Analysis and Determination a. Whether the Defendant’s BTS is erected on public land. 46. This is an issue that the Plaintiff raised in her plaint. At paragraph 7 of her plaint, the Plaintiff particularized the acts of fraud and illegality against the Defendant to include, ‘erecting a base transmitter station on public utility Land and erecting a base transmitter station on a road reserve’.

47. In her testimony, the Plaintiff reiterated that the Defendant’s BTS is on a public parking. She affirmed that she had lodged complaints with the defunct City Council of Nairobi, the predecessor in title to the County Government of Nairobi.

48. Under the current constitutional set up, public land (other than the land vested in the National Government under the Provisions of Article 62) is vested in and held by a County Government in trust for the people resident in the County. The Plaintiff alleges that the land on which the Defendant’s BTS is erected is a public parking; meaning that it is vested in the County Government of Nairobi.

49. It would have greatly helped the Plaintiff’s case if she had joined the County Government of Nairobi in this case either as a Defendant or an Interested Party to shed light on the ownership of the property on which the Defendant’s BTS is erected. The Defendant’s evidence was to the effect that they are tenants of one Wycliffe Omusaka. He too was not joined as a party in this case.

50. Further, the Plaintiff has alleged that the erection of the BTS on the said plot has caused the diversion of storm water into her property. Once again, ‘the management of storm water in built-up areas’ is one of the responsibilities of the County Governments under the fourth schedule to the Constitution (Distribution of functions between the National Government and the County Governments). If that allegation were true, the County Government of Nairobi would be answerable.

51. Apparently, the Plaintiff had filed a separate case being Nairobi HCCC 542 of 2008 seeking various prayers regarding the alleged illegal occupancy of the land on which the Defendant’s BTS is situated. This information is disclosed in the plaint. However, the suit was dismissed for want of prosecution. Earlier on, as is evident from the record of the court, the Defendant had raised a Preliminary Objection in this suit making reference to that earlier suit. The Preliminary Objection was however dismissed by the court.
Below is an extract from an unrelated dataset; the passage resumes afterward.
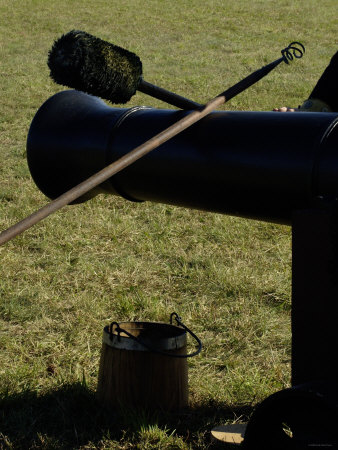 Artillery Tools, Revolutionary War Reenactment at Yorktown Battlefield, Virginia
52. The Plaintiff having accused the Defendant of encroaching into a public parking was bound to prove the allegation. The law is well settled on this aspect. He who alleges must prove. Sections 107 and 108 of the Evidence Act are clear on that.
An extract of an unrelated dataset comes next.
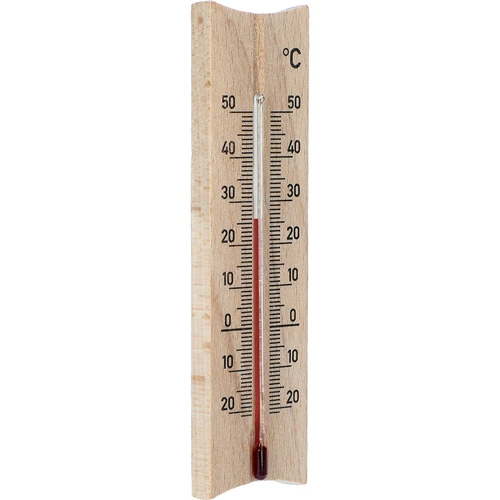 Izbový teplomer drevený (-20 do +50°C), svetlo hnedý, 15 cm - 2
53. The kind of proof required would have come in the form of a search of the subject property or evidence of an officer of the County Government of Nairobi, or the Director of Survey backed up with a Survey map. The Plaintiff did not avail such kind of evidence.

54. What the Plaintiff availed as evidence was an alleged notice by the then City Council of Nairobi addressed to ‘the occupier of the Public parking’ and dated 24th May 2005 – ‘PE 10’. The notice is in referenced, “RE: Illegal Development/encroachment On Plot D2516, D255, & D2448. ” It is not addressed to anyone in particular. The Notice at paragraph 2 required whomever it was meant for to, within 48 hours “to show course” why demolition or prosecution should not be invoked.

55. At paragraph 3, the notice required whomever it was meant to, to report to the Assistant Director at Dandora H.D.D. office equipped with the following documents;i.Proof of ownership.ii.Valid beacon certificate.iii.Approved building plans.iv.Plan fee vouchers.v.Survey fees voucher.vi.Inspection sheet.vii.Amalgamation authority.

56. The alleged notice cannot be proof of the alleged illegal occupancy. The outcome of the “show course” has not been disclosed. Whether anyone was prosecuted or not is not known. If the notice was in reference to the plot on which the BTS the subject matter of this suit is erected, then it is obvious that it was not demolished as threatened in the notice. One can safely assume that ‘course’ was shown.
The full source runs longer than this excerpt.